KDLM
- Detroit Lakes, Minnesota; United States;
- Broadcast area: Detroit Lakes, Minnesota
- Frequency: 1340 kHz
- Branding: KDLM 1340 AM

Programming
- Format: News/talk/classic hits
- Affiliations: ABC News Radio Compass Media Networks Premiere Networks

Ownership
- Owner: Leighton Broadcasting
- Sister stations: KRCQ-FM, KBOT

History
- First air date: October 9, 1951
- Call sign meaning: Detroit Lakes, Minnesota

Technical information
- Licensing authority: FCC
- Facility ID: 37000
- Class: C
- Power: 1,000 watts
- Translators: 93.1 K226CA (Detroit Lakes); 96.9 K245CU (Detroit Lakes);

Links
- Public license information: Public file; LMS;
- Website: 1340kdlm.com

= KDLM =

KDLM (1340 AM) is a radio station airing a News/Talk/classic hits format. The station serves Detroit Lakes, Minnesota and is owned by Leighton Broadcasting.

==K226CA==
On June 12, 2014 the FCC granted the transfer of a construction permit for an FM translator from Shine the Light, inc. to Leighton. The translator is currently online and broadcasting at a frequency of 93.1 MHz.

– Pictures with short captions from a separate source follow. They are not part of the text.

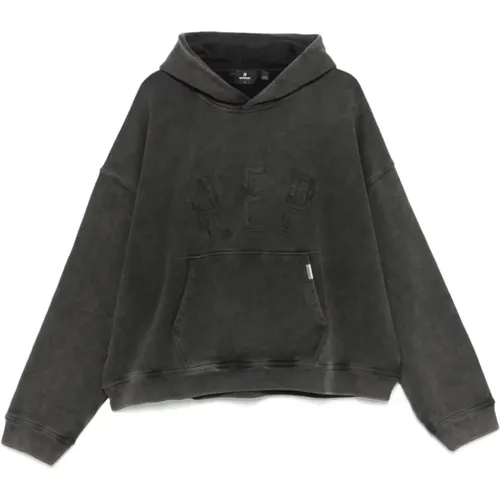 Schwarzer Pullover mit Kapuze und Tasche , Herren, Größe: L - REPRESENT - Modalova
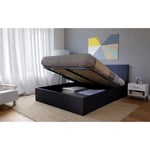 Lit coffre adulte contemporain Simili Oxford Noir BARCELONA 140x190cm avec 1 sommier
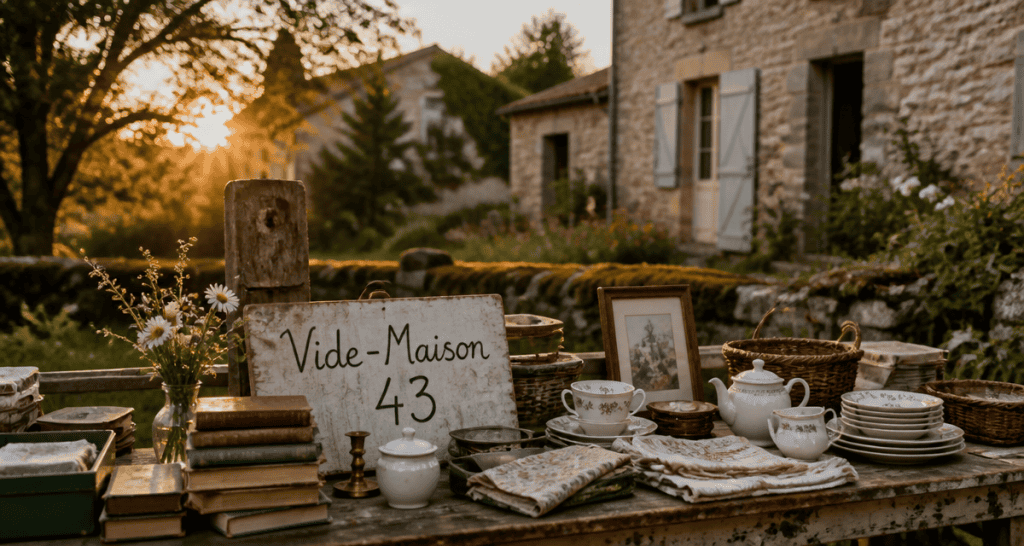 vide maison 43 table vaisselle ancienne jardin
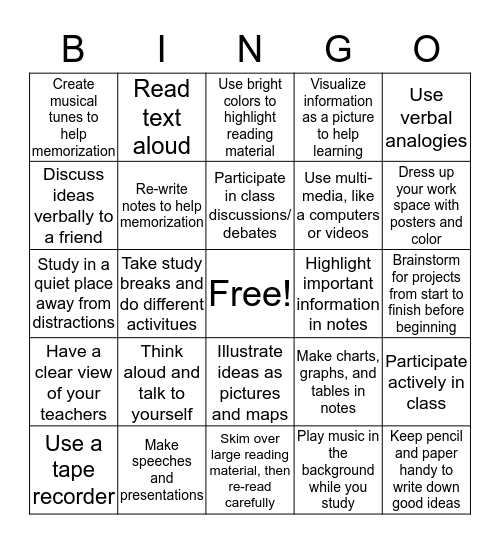 Learning Styles BINGO Card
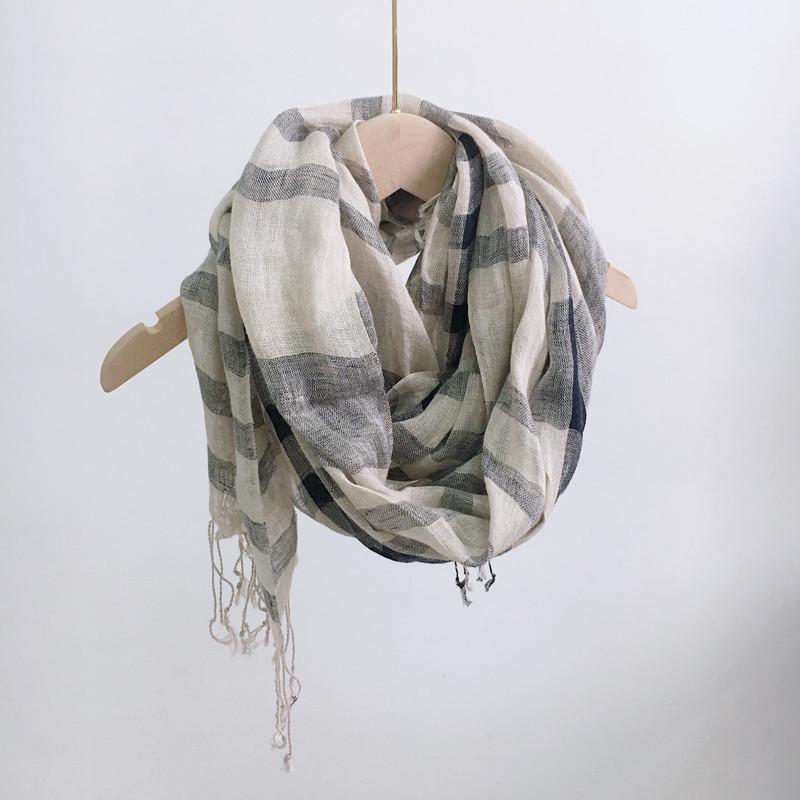 Korean Style Unisex Linen Scarf - Thin, Sunscreen, Retro, Natural Dewdrop Colors for Spring/Summer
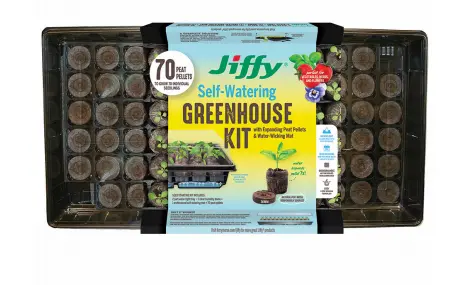 Jiffy Self-Watering Greenhouse, 70 Peat Pellets 1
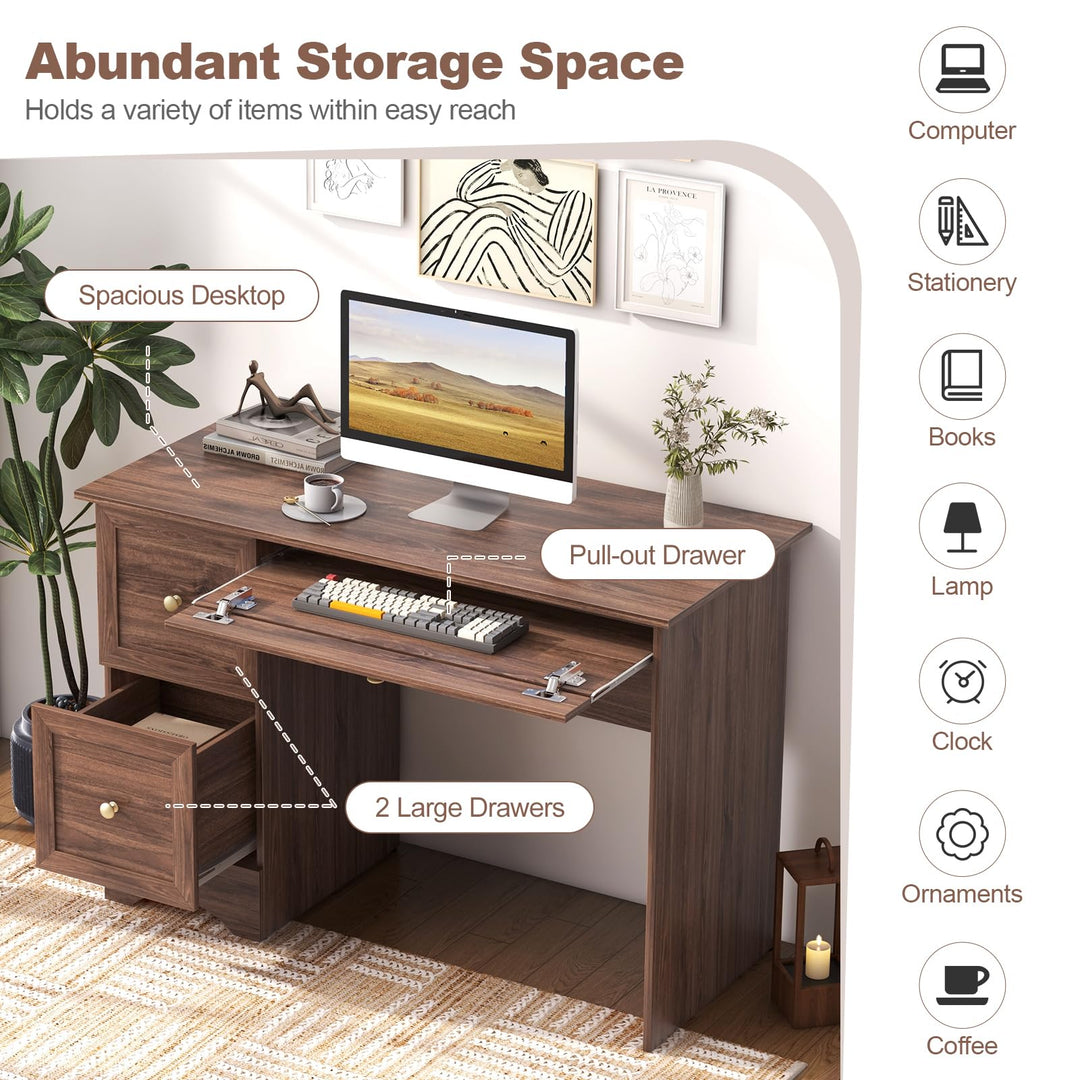 Giantex Computer Desk with 2 Drawers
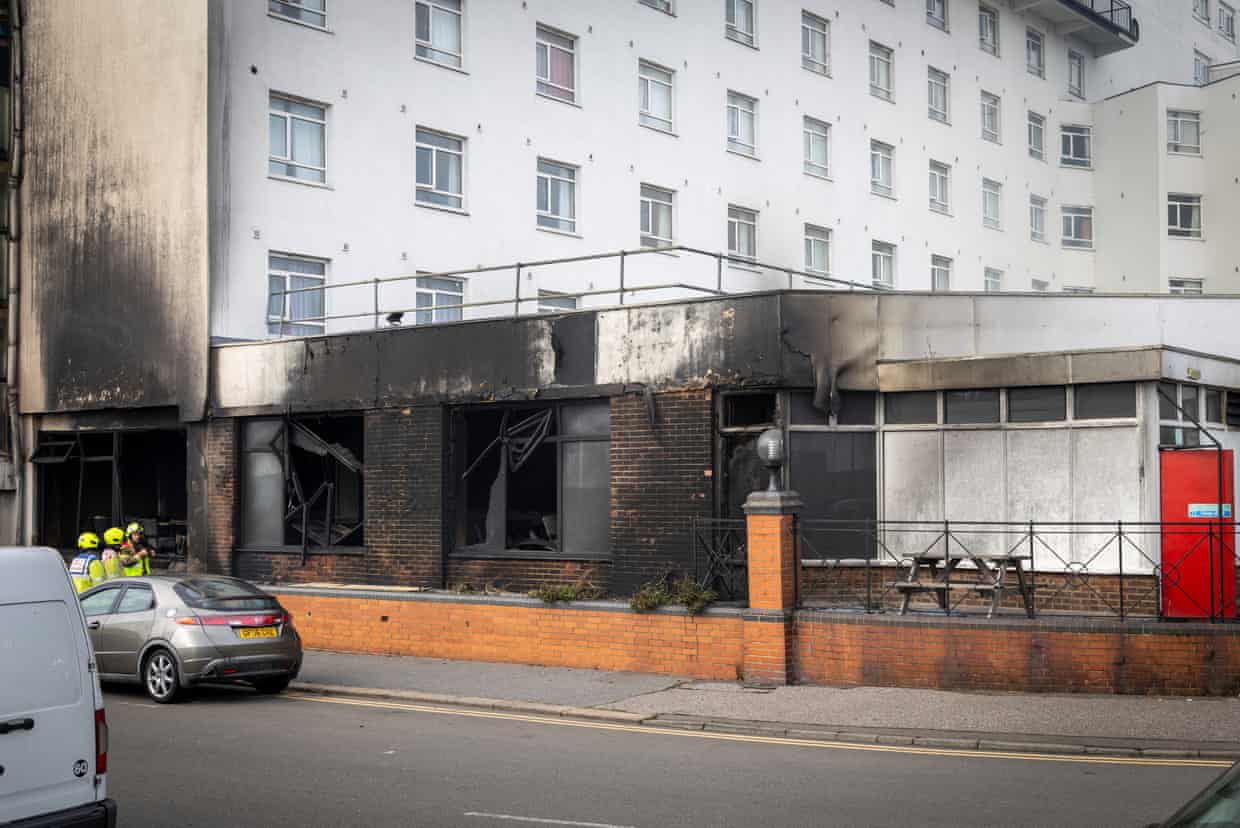 Fire damage at the hotel.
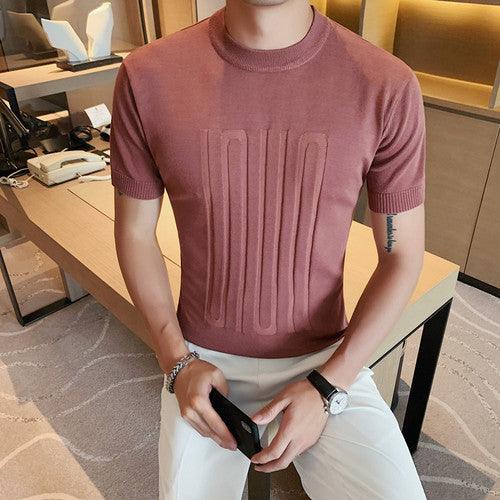 Men sleeve T shirt round collar British slim casual - HABASH FASHION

According to radio-locator maps, the entire listening area of K226CA is slightly smaller than the distant reception area of KDLM's main signal.

==On Air Staff==
- Mornings with Joel Koetke 6-8:30
- Hodge Podge 8:30-9:30
- SportsWrap 9:30-10:00
- Off The Record With Zeke 10:00-2:00
- Aftanoon Jam with Dave Lee 2:00-6:00
- KDLM broadcasts a variety of local and state sports including the Detroit Lakes Lakers HS teams, the Minnesota Vikings, Minnesota Twins, Minnesota Wild, Minnesota Lynx, Minnesota Timberwolves and Minnesota Golden Gopher Football, Basketball and Hockey. KDLM also broadcasts Sunday Night and Monday Night football from Westwood One.
- Coast To Coast AM (overnight talk show)
- America's First News with Gordon Deal.